_Exercise prompt_
The listing below should be reproduced exactly, with the pictures omitted.

_Information provided_
******************************

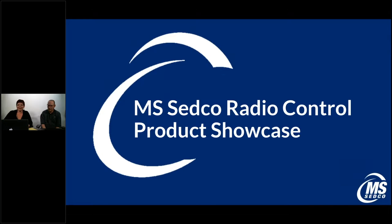Good afternoon everyone, welcome. Thank you so much for joining us today. My name is Karen Kennedy and I'm here with Chad Poppelwell of MS Setco. It's nice to have you with us and thanks for logging on. Today we are going to talk about radio control products — the MS Setco radio control product showcase. Looks like we've got a couple of people logged in, so we'll go ahead and get started.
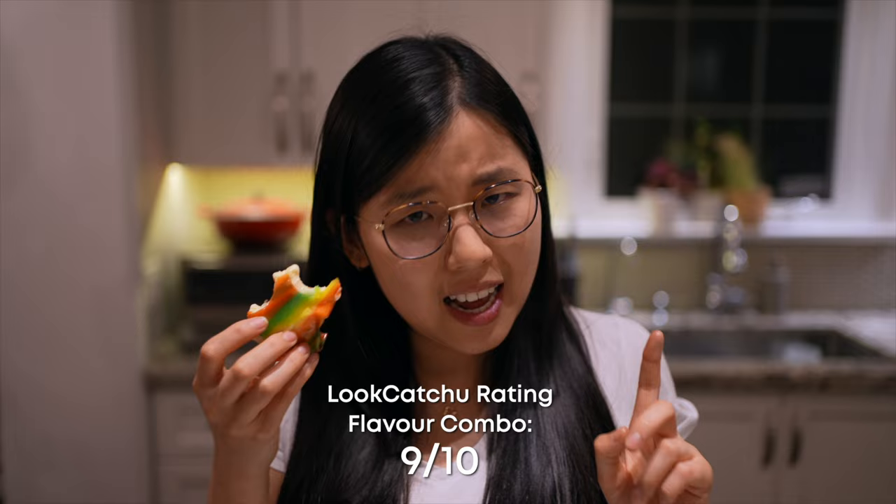Let me know in the comments if you've tried this fruit roll-up ice cream hack. I'll see you guys next time.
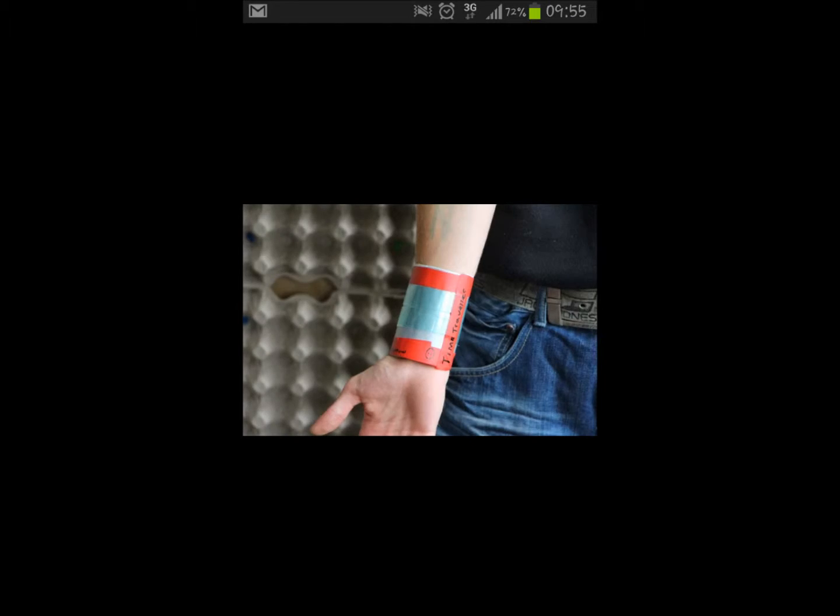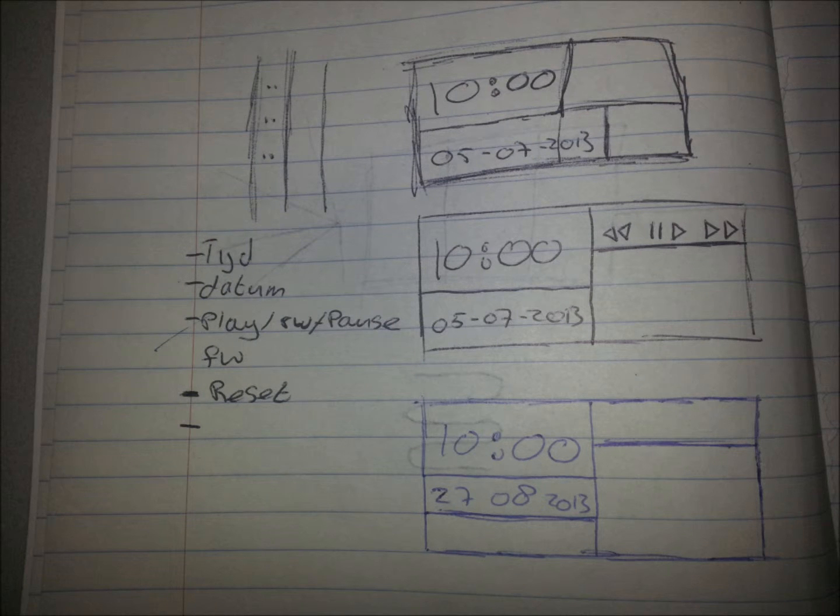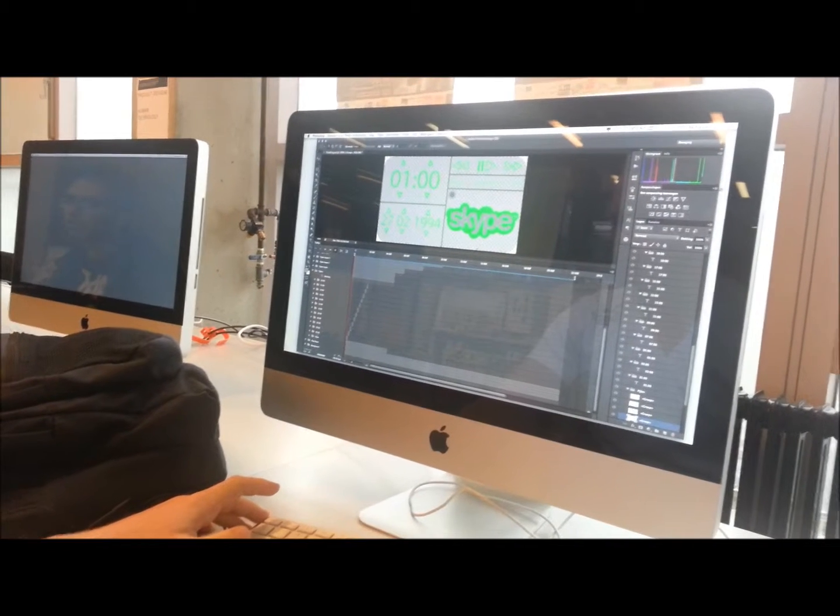First of all, we made the bracelet in the first session. Then we had some brainstorming and we made some sketches on paper. Then we realized that the bracelet wasn't a good idea.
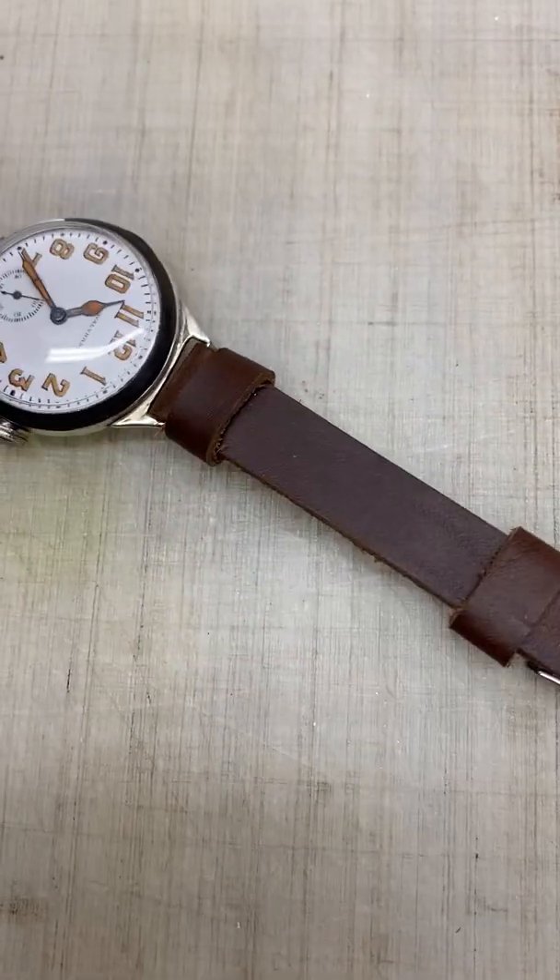Just going to go over a few things. Like I said, somebody soldered on this lug a long time ago, kind of crooked. It's hard to tell when the band is on, but I just want to note that.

******************************

_Your response_
Good afternoon everyone, welcome. Thank you so much for joining us today. My name is Karen Kennedy and I'm here with Chad Poppelwell of MS Setco. It's nice to have you with us and thanks for logging on. Today we are going to talk about radio control products — the MS Setco radio control product showcase. Looks like we've got a couple of people logged in, so we'll go ahead and get started.
Let me know in the comments if you've tried this fruit roll-up ice cream hack. I'll see you guys next time.
First of all, we made the bracelet in the first session. Then we had some brainstorming and we made some sketches on paper. Then we realized that the bracelet wasn't a good idea.
Just going to go over a few things. Like I said, somebody soldered on this lug a long time ago, kind of crooked. It's hard to tell when the band is on, but I just want to note that.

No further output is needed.